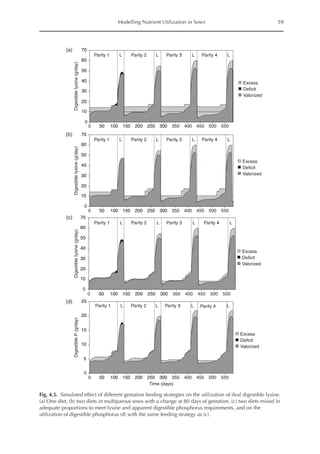 Modelling Nutrient Utilization in Sows 59
(a)
(b)
(c)
(d)
70
60
50
40
30
20
Digestible
Iysine
(g/day)
Digestible
Iysine
(g/day)
Digestible
Iysine
(g/day)
Digestible
P
(g/day)
Parity 1 Parity 2 Parity 3 Parity 4
Parity 1 Parity 2 Parity 3 Parity 4
L
L
L
L
10
0
70
60
50
40
30
20
10
0
70
60
50
40
30
20
10
0
25
15
20
10
5
0
0 50 100 150 200 250 300 350 400 450 500 550
0 50 100 150 200 250 300 350 400 450 500 550
0 50 100 150 200 250 300 350 400 450 500 550
0 50 100 150 200 250
Time (days)
300 350 400 450 500 550
Excess
Deficit
Valorized
Excess
Deficit
Valorized
Excess
Deficit
Valorized
Excess
Deficit
Valorized
L
L
L L L
Parity 1 Parity 2 Parity 3 Parity 4
L L L
L
Parity 1 Parity 2 Parity 3 Parity 4
L L L
Fig. 4.5. Simulated effect of different gestation feeding strategies on the utilization of ileal digestible lysine.
(a) One diet, (b) two diets in multiparous sows with a change at 80 days of gestation, (c) two diets mixed in
adequate proportions to meet lysine and apparent digestible phosphorus requirements, and on the
utilization of digestible phosphorus (d) with the same feeding strategy as (c).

· · · · · · ·

Task item
Output each line of the listing above that has "with".

Final answer
(a) One diet, (b) two diets in multiparous sows with a change at 80 days of gestation, (c) two diets mixed in
utilization of digestible phosphorus (d) with the same feeding strategy as (c).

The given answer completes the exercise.